I have never believed in horoscopes since the time I had to write them for a couple of days because we have lost the agency copy.

The editorial position of the Belfast Telegraph of the late 1960s seems familiar to the paper’s take on NI politics and society forty five years later. Leader-writing direction came in the form of a sharp command to “give Terrance O’Neill a boost” or “write three pars in support of the New University”.

Alf McCreary’s faith also sews a thread through the three hundred page book.
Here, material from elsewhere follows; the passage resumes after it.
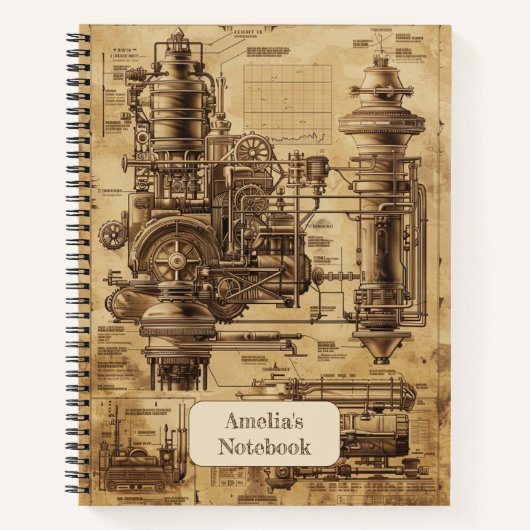 Steampunk Retro Notitieboek (Voorkant)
While never a member of the Corrymeela Community, he “approved of its objectives” and wrote a book about its history.

Northern Ireland politicians might want to check if Alf McCreary is available for speech writing when they read part of his Lenten address in Belfast Cathedral on 16 March 1976:
We have a short fuse and a long memory, we look forward, not back, to 1690 and 1916. We lack vision, we lack compassion, we lack statesmen, we lack politicians. We even lack ideas …

I look forward to a society where I can walk without fear in Royal Avenue, or East Belfast or the Bogside. I want a society where we will have politics and not a sectarian pantomime, where tomorrow is more important than today.

I look forward to the day when we in Ulster will use our brains (and we have them) and not our brawn; where power will come from the pen and not the sword; from the ballot box and not the barrel of a gun. I look forward to the day when I can look into the eyes of my children and know that this is a fit place for a child to live.

Alongside some hard-to-forget incidents and atrocities like Bloody Sunday and the Kingsmills Massacre – a story with personal connections for the author – Alf also shines a light on less-well-remembered events like one of the earliest meetings between church leaders and the Provisional IRA in December 1974. Bishop Arthur Butler, Canon Bill Arlow, Rev Eric Gallagher (former Methodist President), Rev Jack Weir (clerk of the Presbyterian General Assembly) acted on “their own initiative” and endured criticism from Unionists and denominational bodies for their meeting in a hotel in Feakle, County Clare in December 1974.

As a child at school I remember reading Alf McCreary’s book Tried by Fire about peacebuilders. It turns out that was merely one of thirty or so books he has penned over the years. Survivors told the stories of innocent victims of the Troubles. During the Troubles, Alf McCreary was supplying reports to some English papers as well as the Christian Science Monitor and Time magazine.

On a 2011 trip to Rwanda, Alf met Michael Kayatiba, a Tutsi, who had lost 56 members of his family during the genocide. Michael told him:

We are all children of God, and we need to come out from our ethnic mindsets, and to repent and to forgive, in order to transform our society.

Just one of many pertinent reflections that jumped out of this autobiography as I read it while Northern Ireland politicians continued to discuss processes to "deal with" our past in the Haass/O'Sullivan talks.

Spanning decades of journalism, from back in the day when reporters phoned in their copy from remote locations to more contemporary times with “more outlets, more commentators, instant experts and interactive interlopers who often exhibit more bias than expertise,” Alf McCreary’s story was unexpectedly gripping. Between writing television columns, numerous overseas visits on behalf of Christian Aid, his years at QUB outside journalism, and publishing a shelf full of books, the son of Bessbrook’s autobiography is at times humorous, often perceptive and very compelling.

I’ve seen copies of Behind the Headlines stacked up in Waterstones and Easons so if you’re looking for a last minute present … and no doubt it’ll be back in stock on Amazon after the holidays to soak up your vouchers!